M. Gayan est un ministre médiocre. Notre système de santé est arrivé à un stade où il nous faut absolument une vision d’ensemble, faute de quoi nous continuerons à dépenser beaucoup d’argent pour des résultats insuffisants. Le budget de la Santé, c’est Rs 11 milliards par an, soit 10% du budget national. C’est énorme ! Dans des pays comme l’Angleterre, ce ratio tourne autour de 5%. Ce qui nous manque, c’est un mécanisme d’évaluation. Nous avons un audit sur les moyens mais pas sur la performance. Les dépenses sont-elles efficaces ? Permettent-elles d’améliorer les soins, de faire reculer les maladies ? Il est très important de répondre à ces questions.

La période des voeux tire à sa fin. Que souhaitez-vous à Pravind Jugnauth ?

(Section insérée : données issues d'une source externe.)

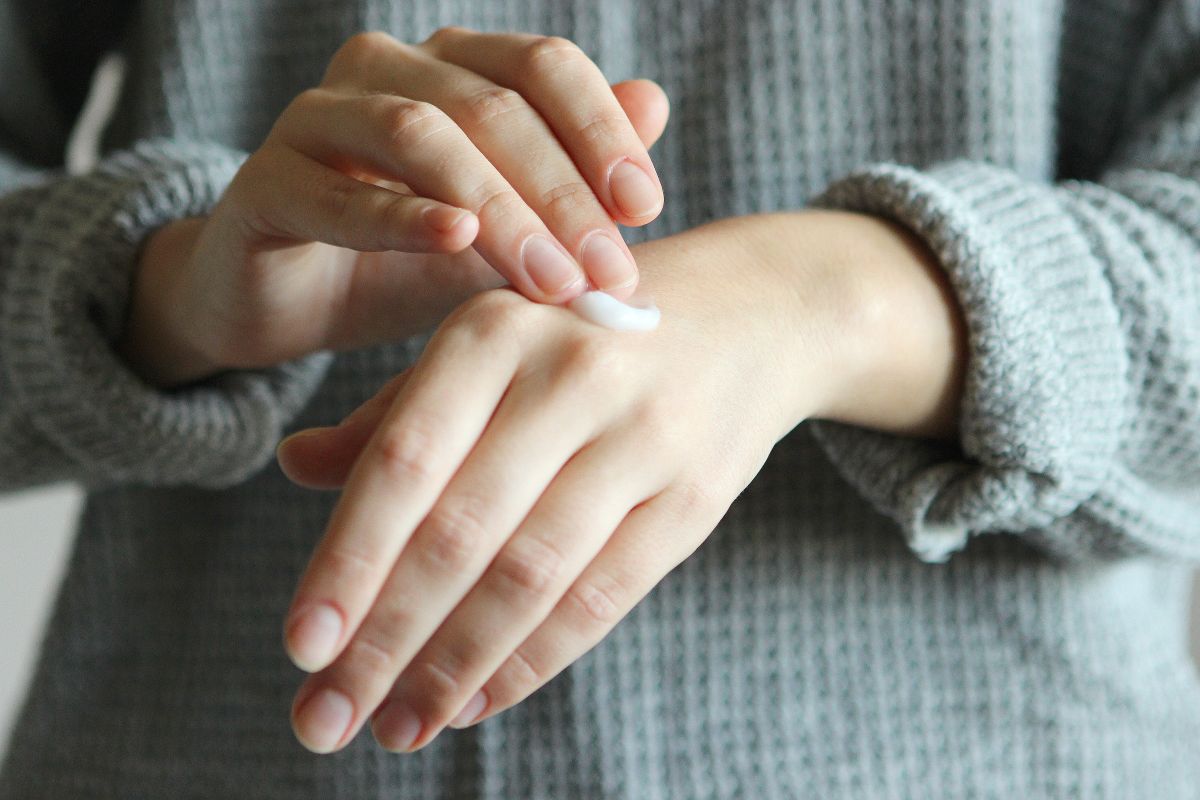 Pige smører creme på hænder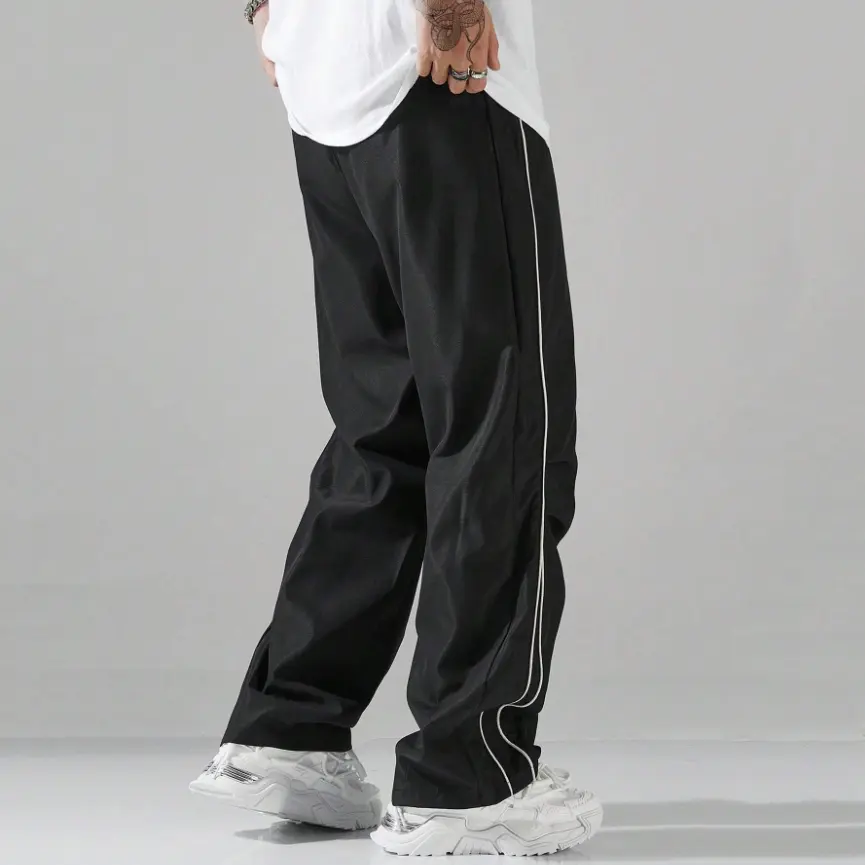 Unisex baggy wide-leg sweatpants; men’s casual athletic pants made from soft fabric with an elastic waistband and drawstring; loose fit with side stripes; breathable, lightweight sports fitness streetwear pants; all-day comfort and versatile for everyday Unisex baggy wide-leg sweatpants; men’s casual athletic pants made from soft fabric with an elastic waistband and drawstring; loose fit with side stripes; breathable, lightweight sports fitness streetwear pants; all-day comfort and versatile for everyday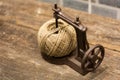 Brown yarn ball in a toy sewing machine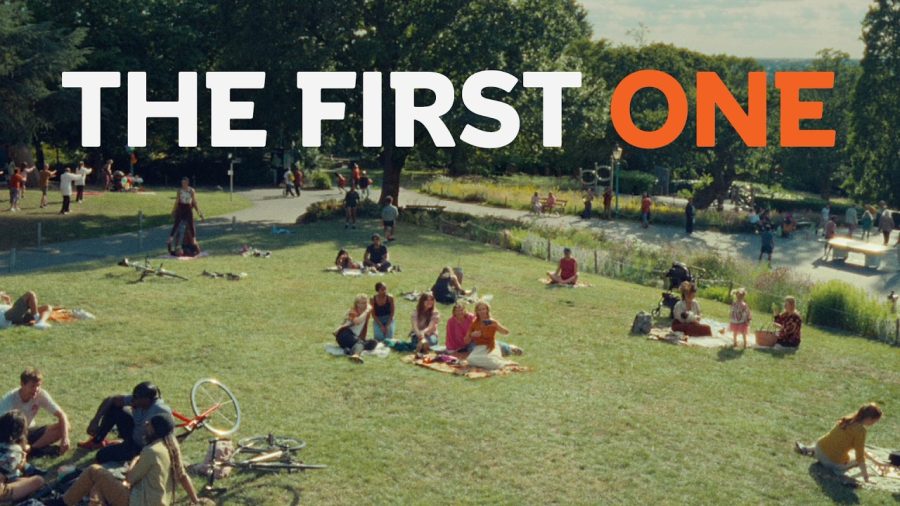 A crowded British park under the title The First One in Alzheimer's Research UK's campaign film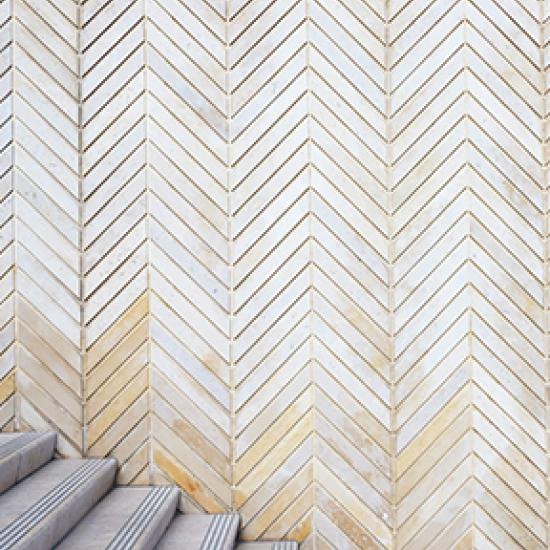 Image of stairs and angled cream tiles 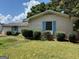 A single-story white brick home with light blue shutters and green bushes at 2071 Twin Falls Rd, Decatur, GA 30032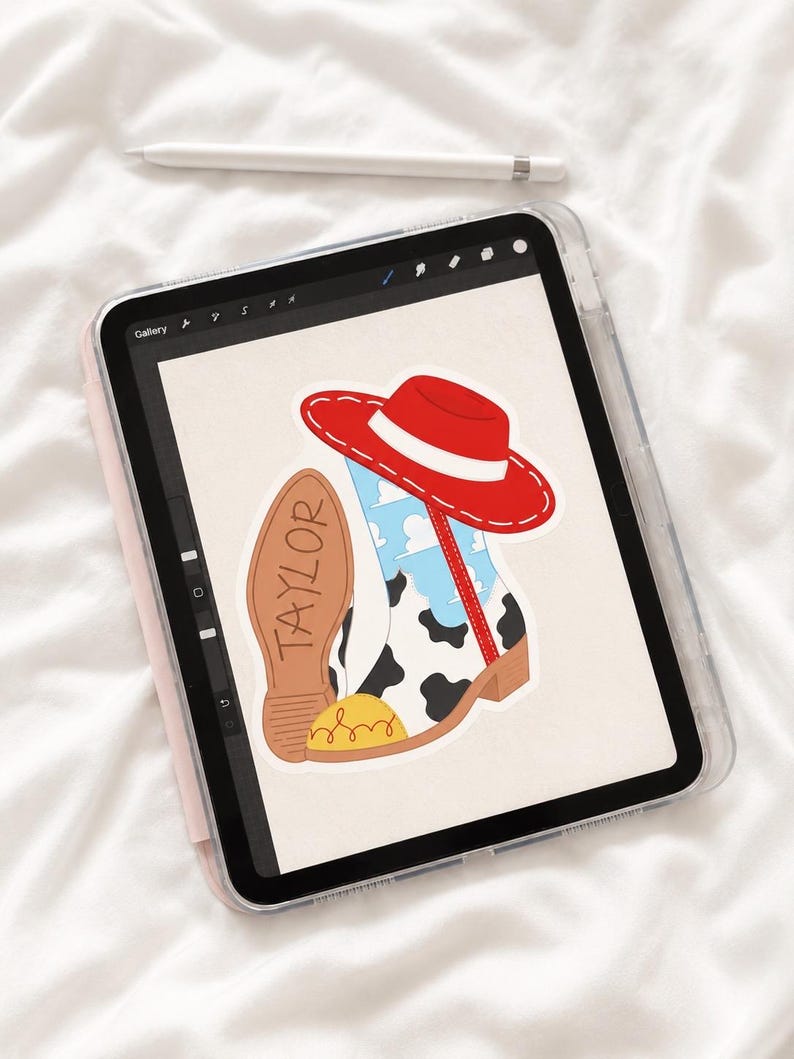 以下が含まれることがあります： タブレット画面上のデジタルイラスト。牛柄模様、青空と白い雲、黄色のつま先キャップが特徴のウエスタンブーツ。ブーツの上には赤い帽子が乗っており、茶色のブーツの靴底にはTAYLORという名前が記されている。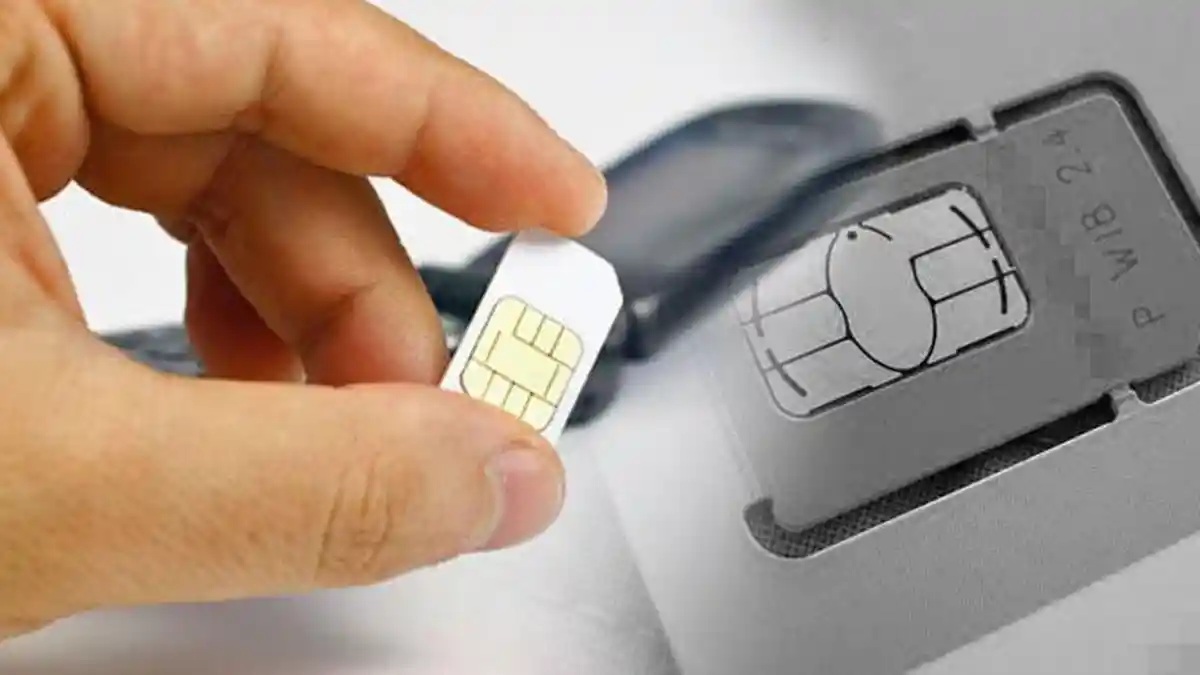 Hand inserting a SIM card into a card reader device with a chip visible and smartphone in background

Du courage. À lui et à sa famille, ils en auront besoin.

A Paul Bérenger ?

(Il réfléchit longuement) Qu’il redevienne très vite Premier ministre.

Votre ton vous trahit…

(Éclat de rire) Non ! non !

Vous n’y croyez pas vous-même, ça se voit !

Mais si j’y crois (rire). Si je n’y croyais pas je m’occuperais à plein temps de mes patients. Je suis engagé au MMM, on se bat tous pour que le parti aille seul aux élections avec Paul Bérenger comme Premier ministre.

Quelles élections ?

Ça va vite, vous savez. Les Mauriciens manquent de distraction, au bout de la troisième année de mandat on commence à parler d’élections. À la fin de l’année prochaine, nous serons en période préélectorale.

Et vous, que vous souhaitez-vous ?

Je dois progresser dans ma vie de parlementaire. Je suis en apprentissage, c’est laborieux.

L’humilité, au MMM, c’est nouveau ?

Tout le monde doit progresser. Nous sommes apprentis à vie, tous.

Y compris votre leader ?

C’est la personne la plus réceptive que je connaisse.